Hong Kong's battle to curb property prices still on after initial success
Unknown to most, proposed tax measures had quietly but steadily deflated the bubble that was threatening to push property prices to sky-high levels after Financial Secretary John Tsang Chun-wah's announcement to rein in the market.
Property prices had jumped 80 per cent in five years, making them the most expensive across the world.
Tomorrow will be exactly a year since Tsang's announcement of doubling the stamp duty for properties worth HK$2 million and above, and prices have dropped just 4.5 per cent from the peak in March last year.
Doubling the duty was the third tax introduced by the government in less than two years to cool the market. The first two were the buyers' stamp duty and a special stamp duty, both put in place in October 2012.
"The measures to cool the market proved effective. Without doubt, the crazy rise in property prices would continue in the absence of a hefty increase in property tax," said John Siu, managing director of Cushman & Wakefield (Hong Kong). Raising transaction costs also stamped out the speculative fever for shops and car parking spaces, he said.
As a result, transaction volume has sunk to a level last seen when Hong Kong was hit by the Sars outbreak in 2003.
The measures released the air of the housing bubble over the past year, leading to stable prices and the near-absence of speculative pressures in the market.
This shows the market took seriously the government's message that it would not tolerate excessive speculation and would rather see more order - not chaos - in the market.

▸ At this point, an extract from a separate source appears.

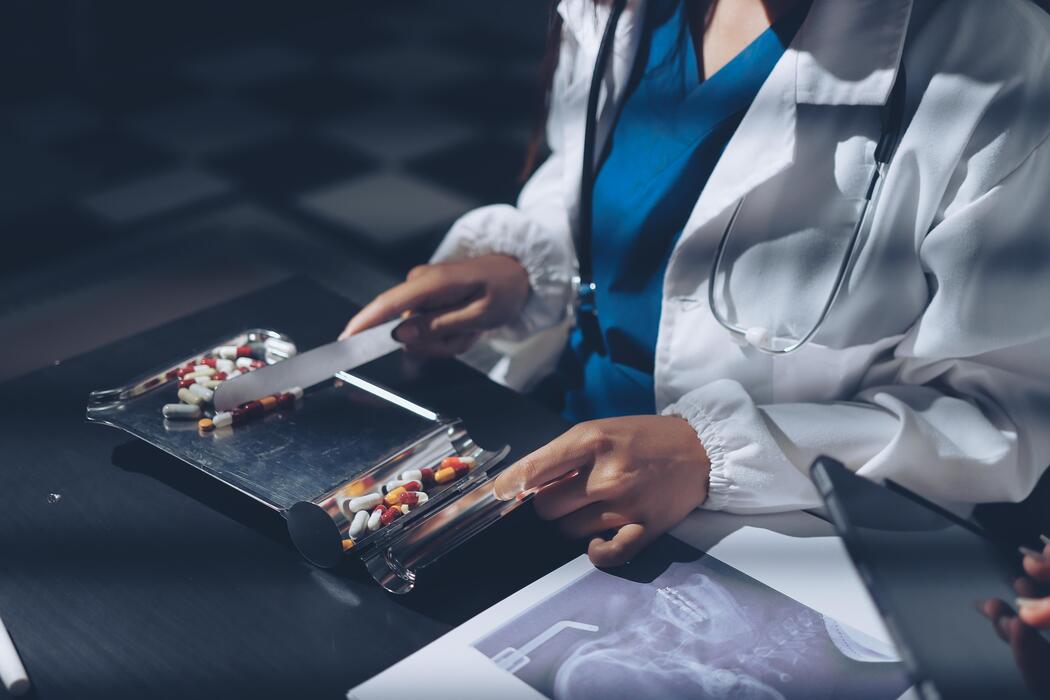 ADHD treatment for adults - A doctor is cutting pills on a tray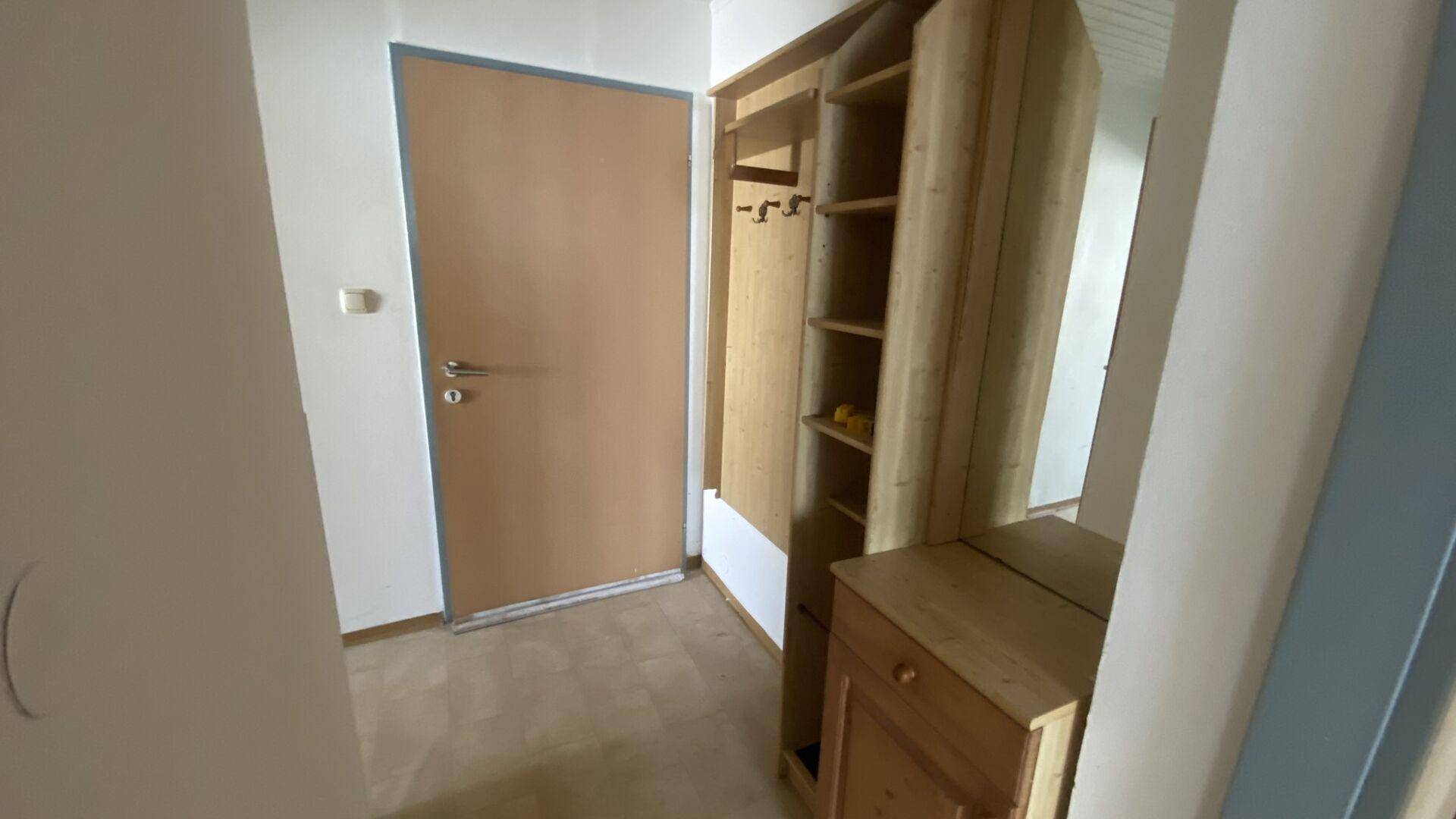 Eingangsbereich mit Holztür und praktischem Einbauschrank für Garderobe und Stauraum.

The first of the two bills - the Stamp Duty (Amendment) Bill 2012, which imposed a buyers' stamp duty of 15 per cent on top of the existing duty on non-permanent residents and those buying through companies - was passed on second reading by legislators yesterday and they are now examining its amendments.
Government figures showed 3,000 transactions involving HK$4.3 billion was held by lawyers, who will hand over the money to the government once the bill is passed.
This year, the government faces another uphill battle to convince lawmakers to pass the second bill - the Stamp Duty (Amendment) Bill 2013, which would double the duty on all properties valued at more than HK$2 million except for first-time buyers. The measure sparked opposition from foreign chambers of commerce, charity organisations and small to medium-sized companies.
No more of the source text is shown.